A política de massacre da população e terror contra os pobres, no entanto, não ficou apenas em propaganda e palavras. Rapidamente o governo do estado sob Witzel mostrou em números o que significava sua política de terror. Só no primeiro trimestre, a polícia de Witzel matou 434 pessoas. Maior número de mortos pela polícia em um único trimestre desde que as estatísticas começaram ser registradas, em 1998.

Bolsonarismo

Essa política de Witzel é a mesma de Jair Bolsonaro, que se notabilizou nacionalmente dizendo coisas como “bandido bom é bandido morto” na TV, enquanto tinha uma atuação praticamente nula na Câmara dos Deputados. Witzel não era conhecido por ninguém quando de repente apareceu com quase metade dos votos para participar do segundo turno das eleições. Sua propaganda era de extrema-direita e o então candidato tinha apoio das redes bolsonaristas. Acabou eleito no mesmo processo fraudulento que colocou Bolsonaro no governo federal.

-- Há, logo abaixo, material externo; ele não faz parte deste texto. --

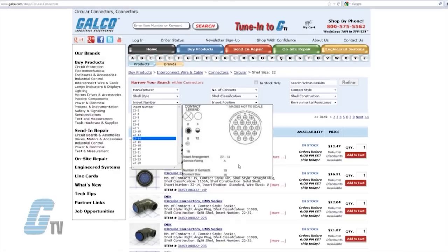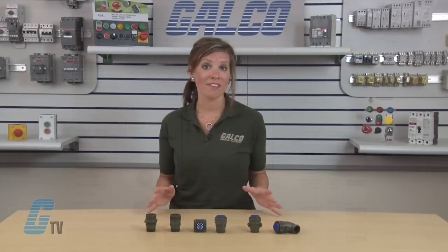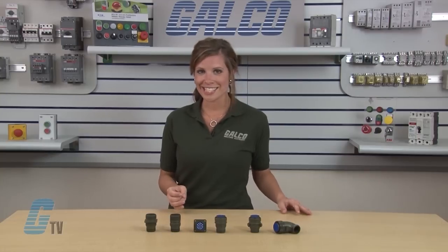Within this interactive search menu, I can find connectors by their shell size, number of contacts, shell style, and insert number to help me find the appropriate connector for my application needs. This search menu is also accessible through the YouTube page links listed in the description below.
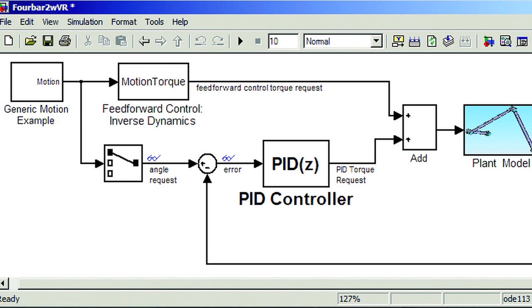The first step is to model the physical system, or the plant. Next, you choose a controller type from a standard control library. The controller GUI lets you set a few key parameters, such as the sampling time. The controller then uses an automatic tuning method to set some gain values for the P, I, and D.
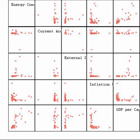Statistics is a branch of mathematics dealing with data collection, organization, analysis, interpretation and presentation. In applying statistics to, for example, a scientific, industrial, or social problem, it is conventional to begin with a statistical population or a statistical model process to be studied.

Na esfera federal, o ministro da Justiça de Bolsonaro, Sérgio Moro, que condenou Lula sem provas quando juiz, quer incluir em seu “pacote anti-crime” o chamado “excludente de ilicitude”, que permitiria que policiais não fossem condenados por assassinatos caso estivesse agindo sob “medo” ou “forte emoção”. O juiz poderá, nesses casos, condenar o policial, mas o policial homicida não teria que cumprir pena. Na prática, é uma licença para matar, formalizada em lei. A mesma política do bolsonarista Witzel.

Fora Witzel! Fora Bolsonaro!

Tanto no caso de Bolsonaro como no caso de Witzel, o “bandido” é o pretexto para levar adiante uma política de terror contra a população pobre e trabalhadora em geral. Seus mandatos acabaram de começar, e se os trabalhadores esperarem até 2022 corre-se um grande de risco de muito mais vidas se perderem sob o fogo indiscriminado das forças de repressão do Estado. É preciso mobilizar imediatamente em torno da exigência do fim desses governos assassinos. Fora Witzel! Fora Bolsonaro!